Maclaurin series of $\arctan(x)$ up to degree $4$

Question

How can I find the Maclaurin series up to degree 4 for:

$$\arctan(x)$$

Calculating the derivatives becomes complex very quickly. Is there a special expansion for $\arctan$ like there is for $\cos(x)$ and $\sin(x)$?

Answer 1

If by “bgtan” you mean the arctangent, implicitly defined by $$ \tan\arctan x=x $$ with values in $(-\pi/2,\pi/2)$, then the Taylor expansion at $0$ (also known as MacLaurin expansion) is the famous Gregory series: $$ \arctan x=x-\frac{x^3}{3}+\frac{x^5}{5}-\frac{x^7}{7}+\dotsb $$ which converges for $x\in(-1,1]$.

Computing it by derivatives is not really difficult. Consider $f(x)=\arctan x$; then $$ f'(x)=\frac{1}{1+x^2} $$ and so $$ f''(x)=-\frac{2x}{(1+x^2)^2} $$ The third derivative is $$ f'''(x)=-2\frac{(1+x^2)^2-4x(1+x^2)}{(1+x^2)^4}= -2\frac{1-4x+x^2}{(1+x^2)^3} $$ You don't need to compute the fourth derivative, because $f(x)=-f(-x)$, so all derivatives of even order are zero.

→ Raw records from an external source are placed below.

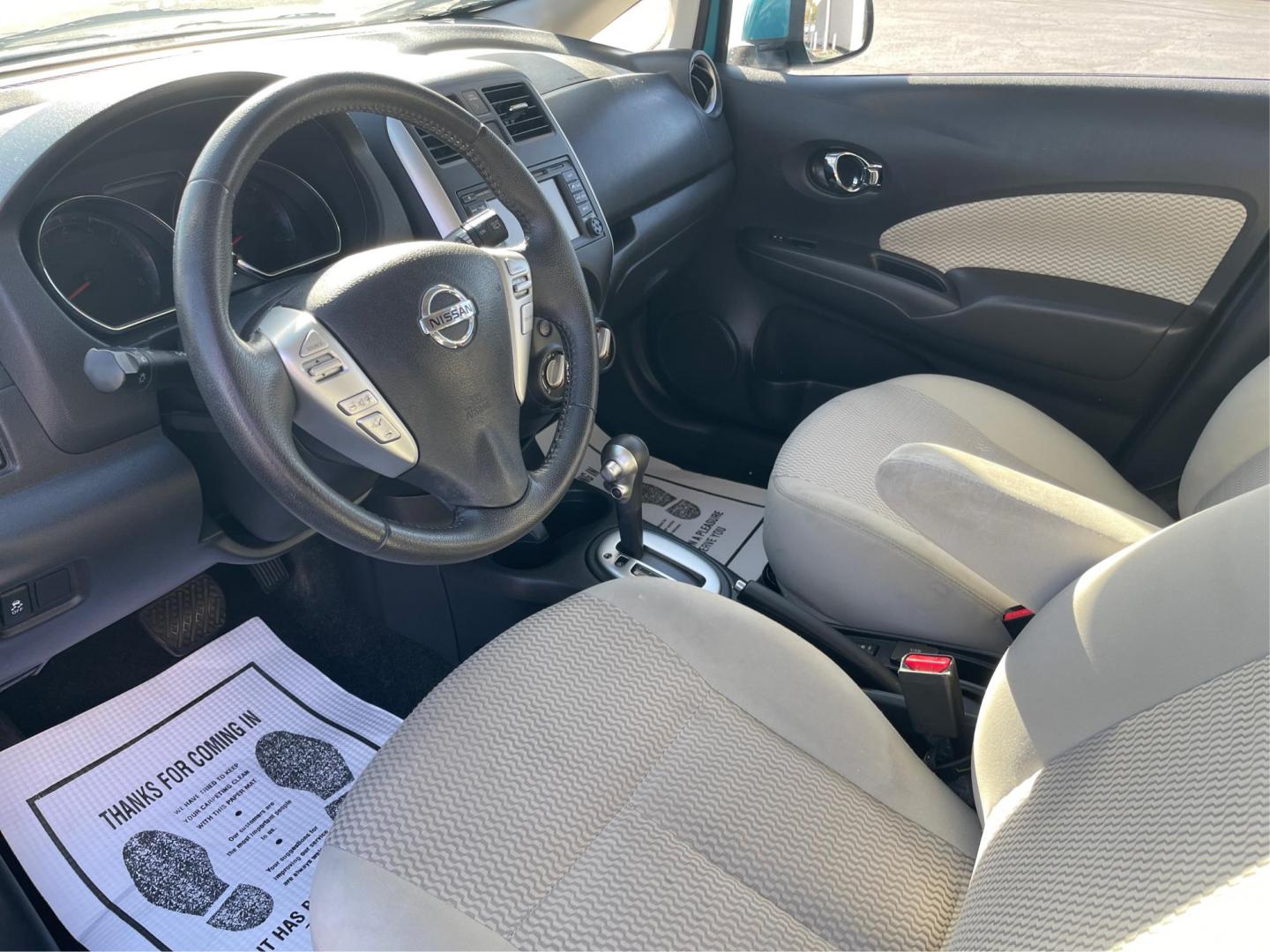 2014 Nissan Versa Note S (3N1CE2CP8EL) with an 1.6L L4 DOHC 16V engine, Automatic transmission, located at 1230 East Main St, Xenia, OH, 45385, (937) 908-9800, 39.688042, -83.910538 - Photo#8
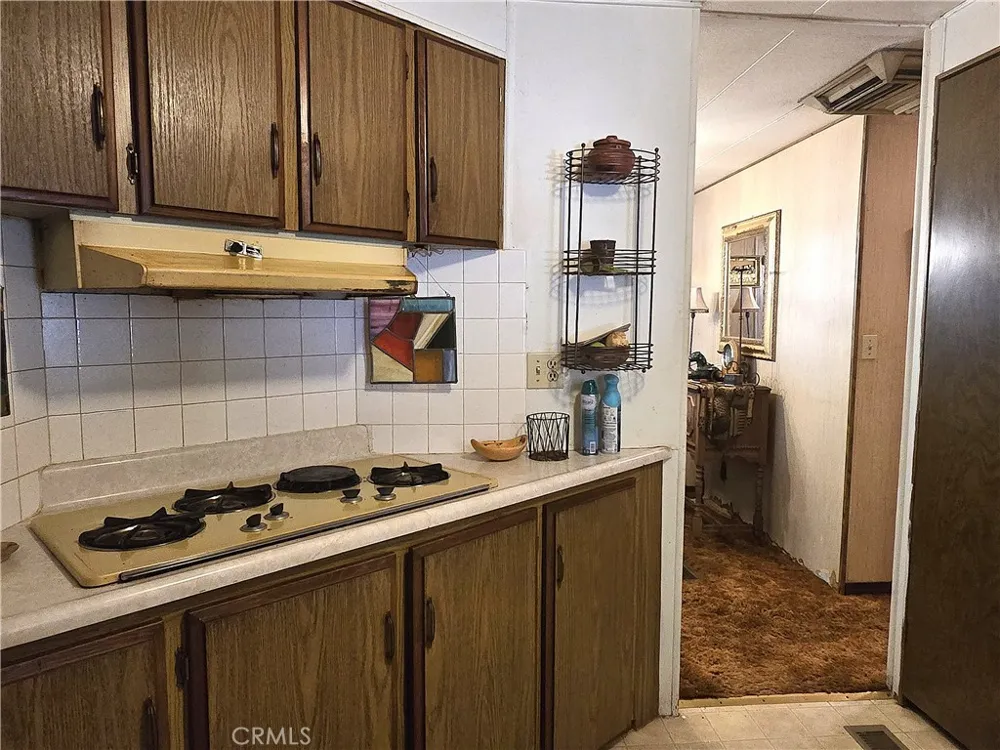 14837 Wood Magalia, CA 95954
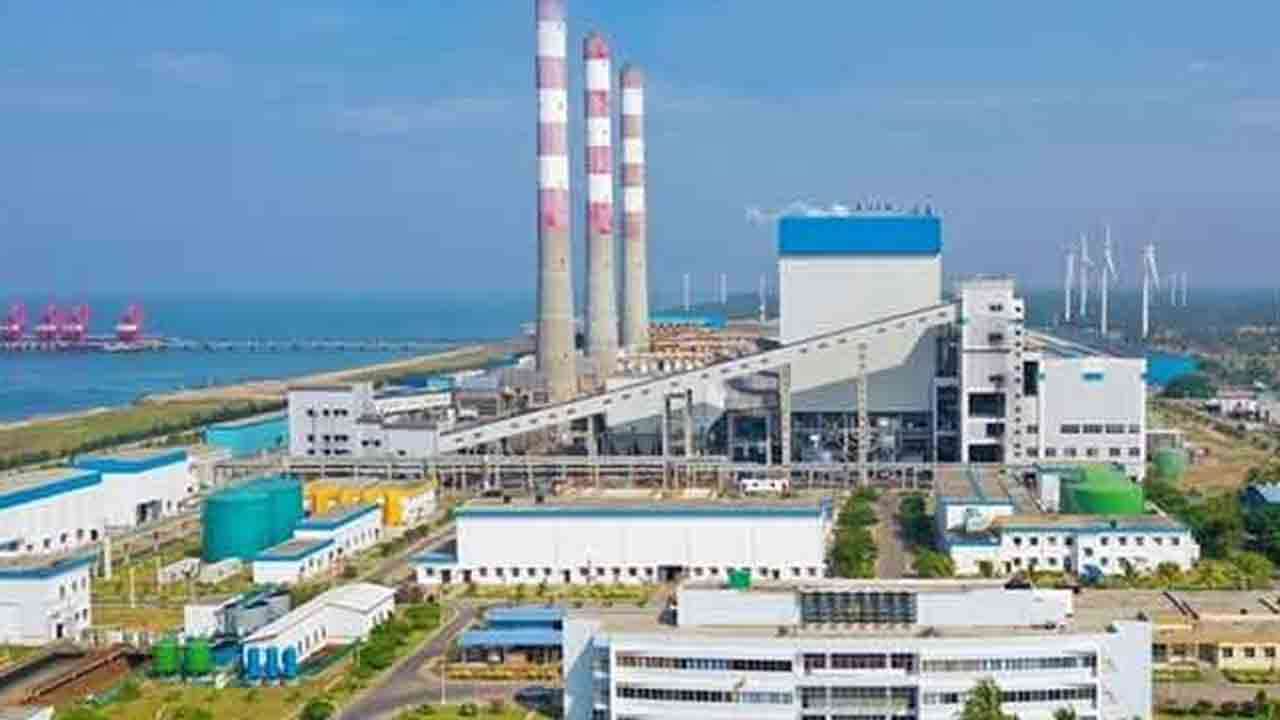 நுரைச்சோலையில் நிறுத்தப்பட்டிருந்த மின்பிறப்பாக்கி மீண்டும் இயக்கம்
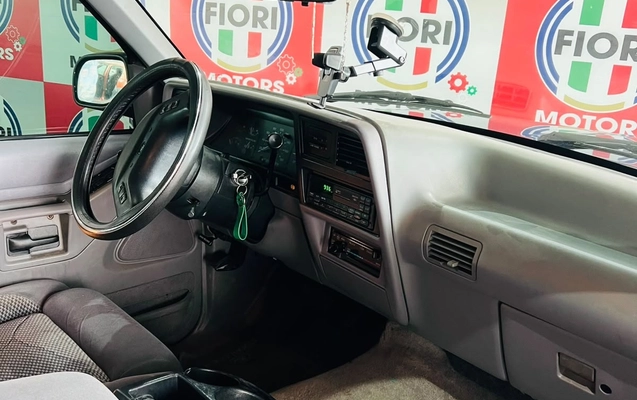 imagem-https://www.socarrao.com.br/sc-vehicle-images-prod/3775019/1789140558431-db2bbea2-6cc9-4ce2-a75f-e9b3cdcddcff.jpg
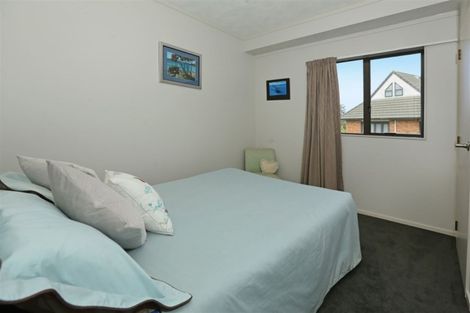 Photo of property in 48 Vintage Drive, Henderson, Auckland, 0612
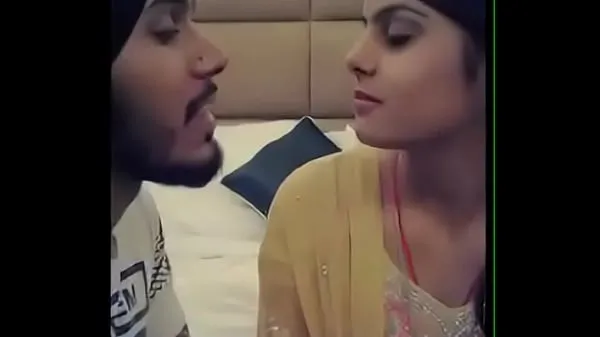 Velika Punjabi boy kissing girlfriend skupna cev
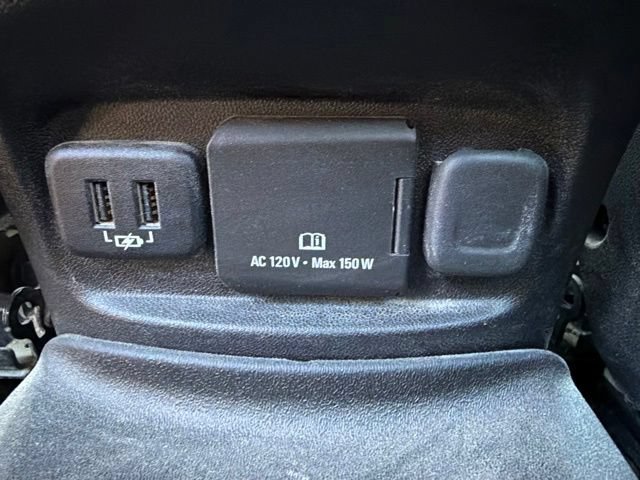 Used 2018 Chevrolet Malibu LT w/ Leather Package FWD image 17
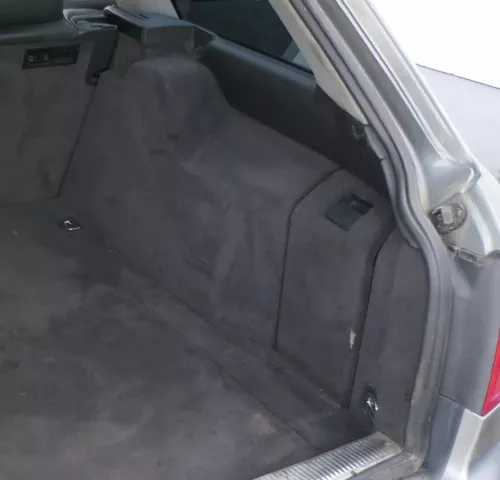Audi A6 4B Avant Abdeckung Verkleidung Kofferraum hinten rechts Seite schwarz (167924)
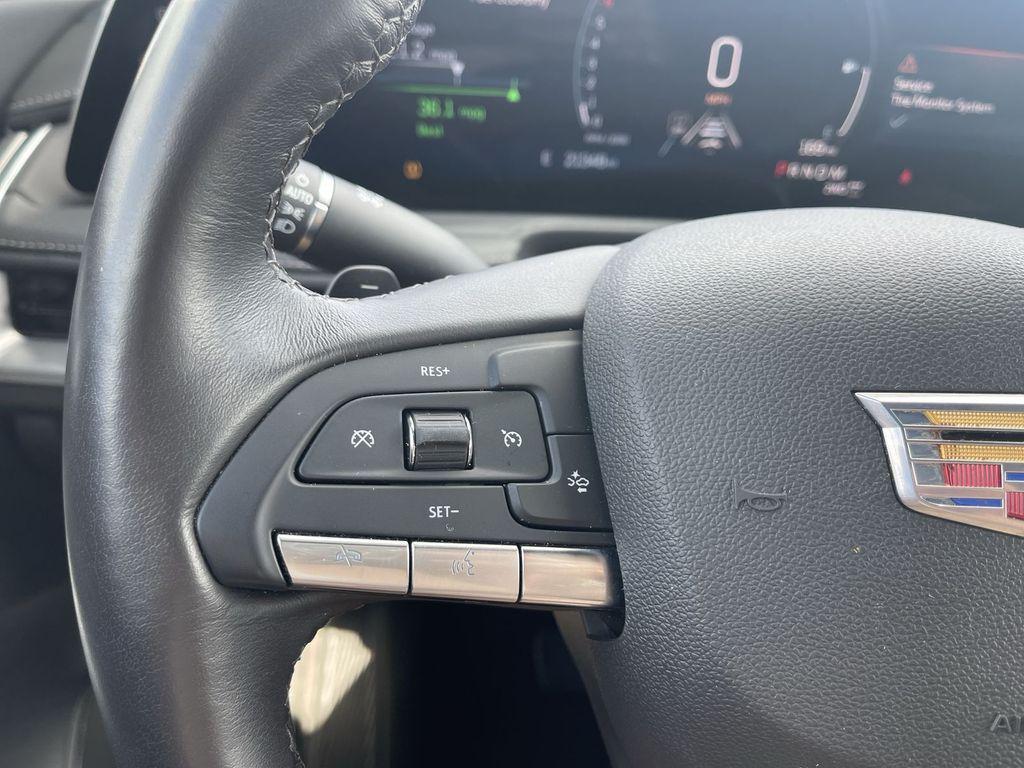 used 2025 Cadillac XT4 car, priced at $34,644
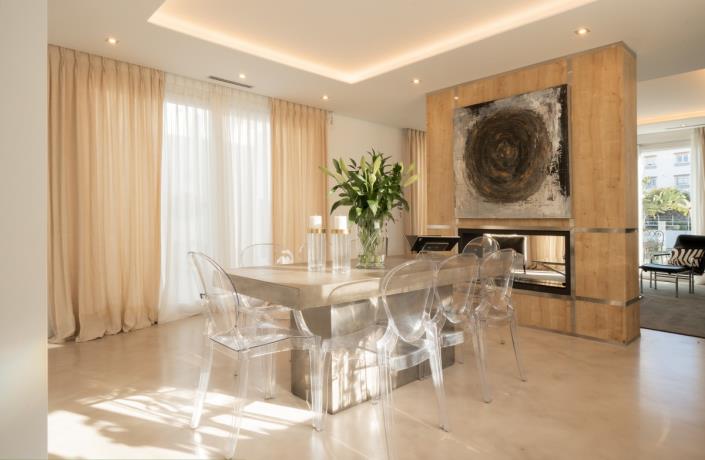 Image No.10-5 Bed Villa / Detached for sale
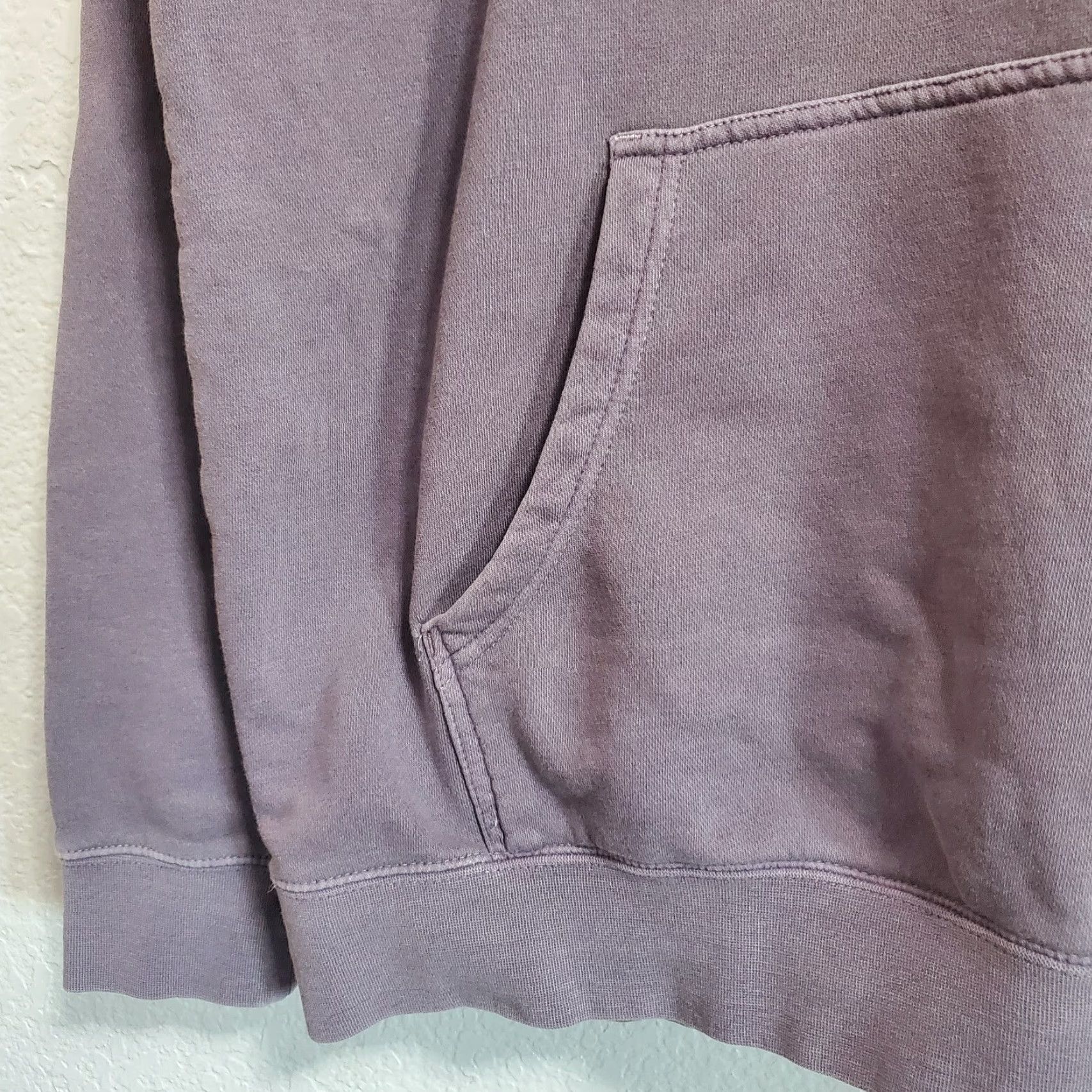 Vintage Hashira Studios Hoodie Mens Large Purple Graphic Print Pullover Fleece Lined Size US L / EU 52-54 / 3 - 6 Thumbnail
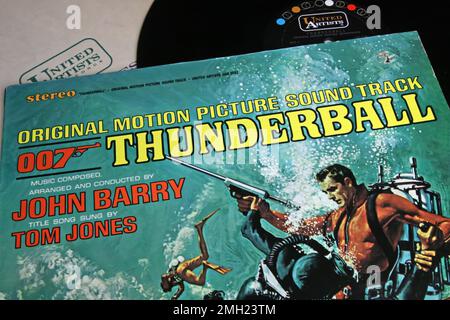 Viersen, Deutschland - Januar 1. 2023: Zusammenfassung des isolierten Albums aus Vinylplatten von James Bond 007 Thunderball Film-Soundtrack mit Sean Conne Stockfoto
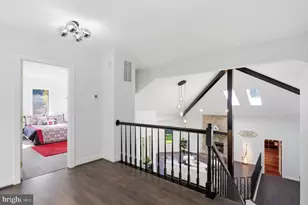 905 Falls Bridge Ln, Great Falls, VA 22066 - Photo 20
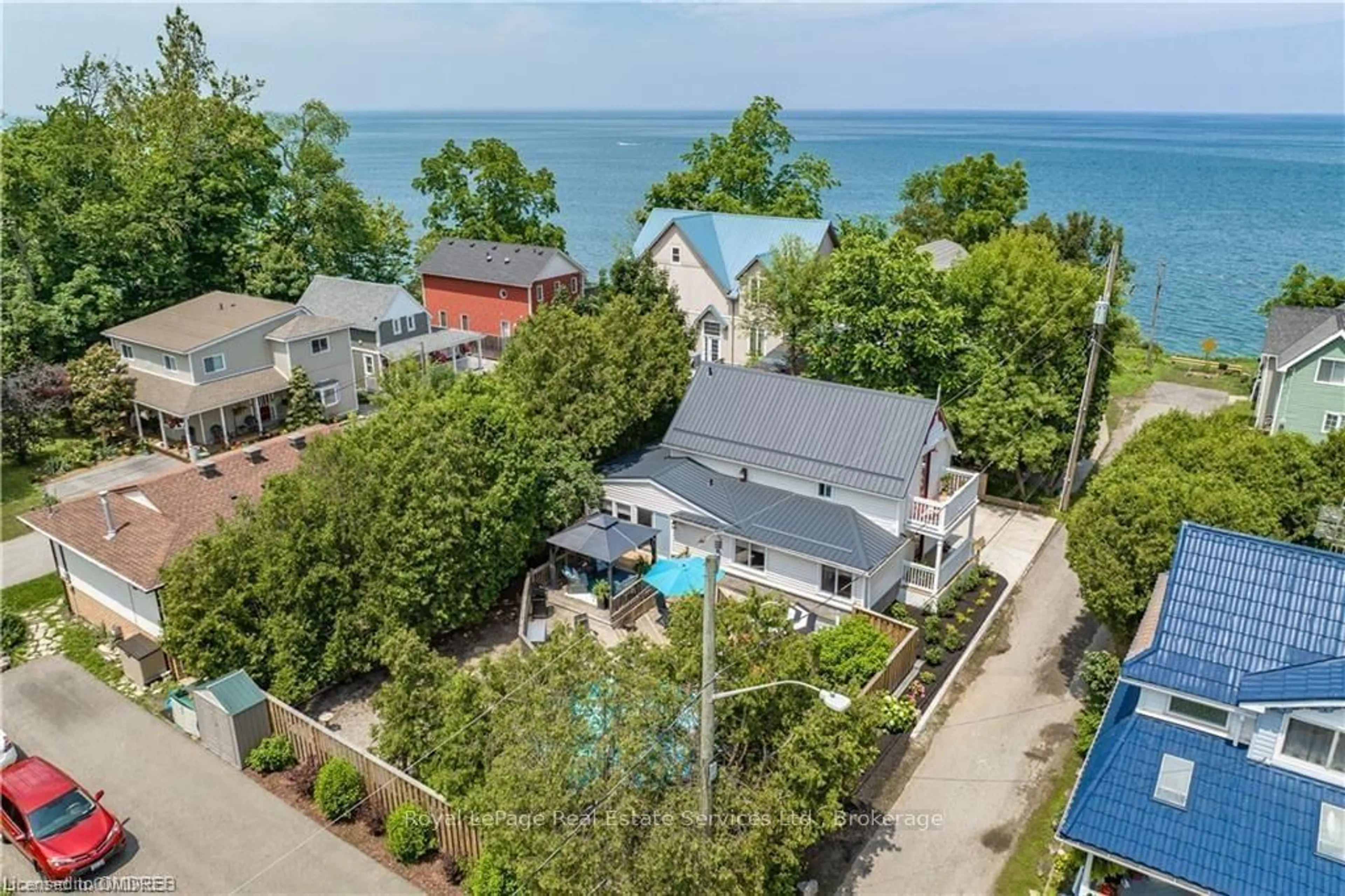 A pic from outside/outdoor area/front of a property/back of a property/a pic from drone, water/lake/river/ocean view for 4 6th St, Grimsby Ontario L3M 2T3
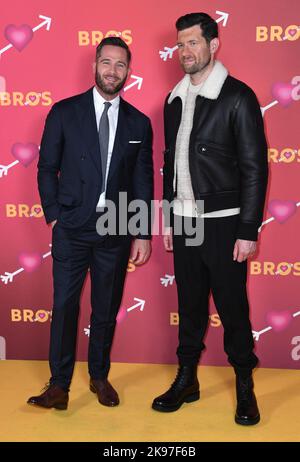 26th ottobre 2022, Londra, Regno Unito. Luke MacFarlane e Billy Eichner arrivano al Bros Special Screening, Picturehouse Central, Londra. Credit: Doug Peters/EMPICS/Alamy Live News Foto Stock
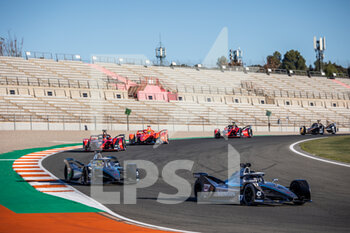 2021-11-30 - 17 De Vries Nyck (nld), Mercedes-EQ Silver Arrow 02, action 05 Vandoorne Stoffel (bel), Mercedes-EQ Silver Arrow 02, action during the pre-season test of the 2021-22 FIA Formula E World Championship, on the Circuit Ricardo Tormo from November 28 to December 2, 2021 in Valencia, Spain - PRE-SEASON TEST OF THE 2021-22 FIA FORMULA E WORLD CHAMPIONSHIP - FORMULA E - MOTORS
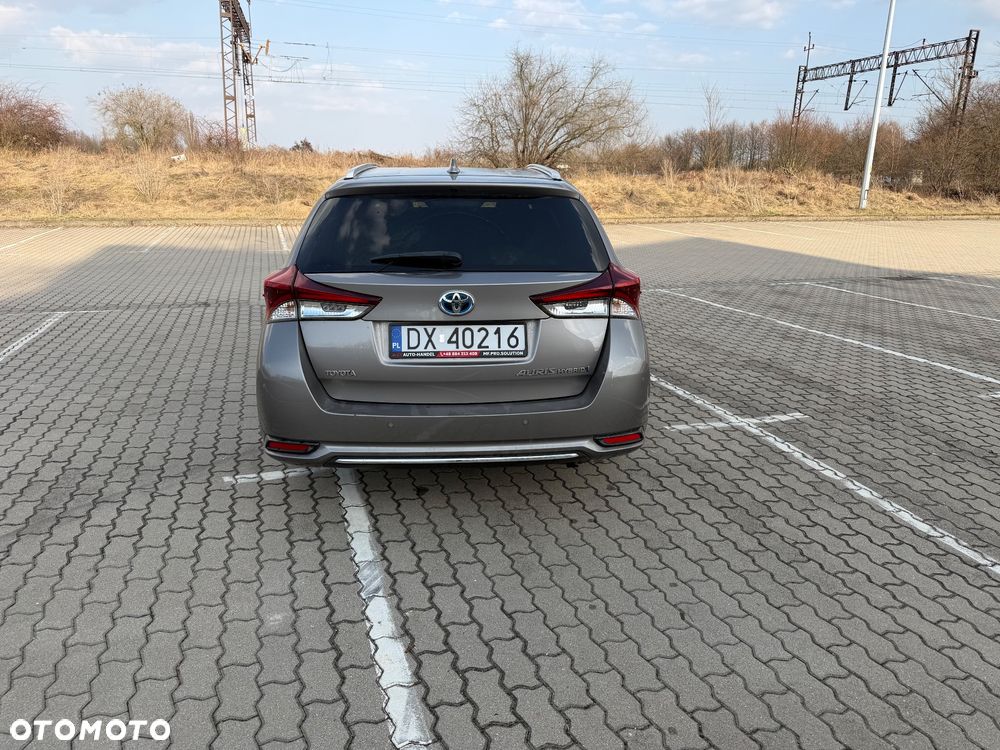 Toyota Auris 1.8 Executive - 4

Now $$ f(0)=0,\quad f'(0)=1,\quad f''(0)=0,\quad f'''(0)=-2\quad f''''(0)=0 $$ so $$ \arctan x=f(0)+f'(0)x+\frac{f''(0)}{2}x^2+\frac{f'''(0)}{6}x^3+ \frac{f''''(0)}{24}+o(x^4)=x-\frac{x^3}{3}+o(x^4) $$

A different approach would be to notice that $$ \frac{1}{1+x^2}=1-x^2+x^4+o(x^4) $$ because of geometric series. Integrating between $0$ and $x$ gives $$ \arctan x=\int_0^x (1-t^2+t^4+o(t^4))\,dt= x-\frac{x^3}{3}+\frac{x^5}{5}+o(x^5) $$

Answer 2

Depending if bgtan is arctan or tan and not anything else, then you can find the series here: http://mathworld.wolfram.com/MaclaurinSeries.html along with some other maclaurin series.

Answer 3

$$ \arctan x = \int_0^x \frac{dw}{1+w^2} = \int_0^x \left( 1-w^2+w^4 - w^6+\cdots \right)\,dw $$ Integrate term by term.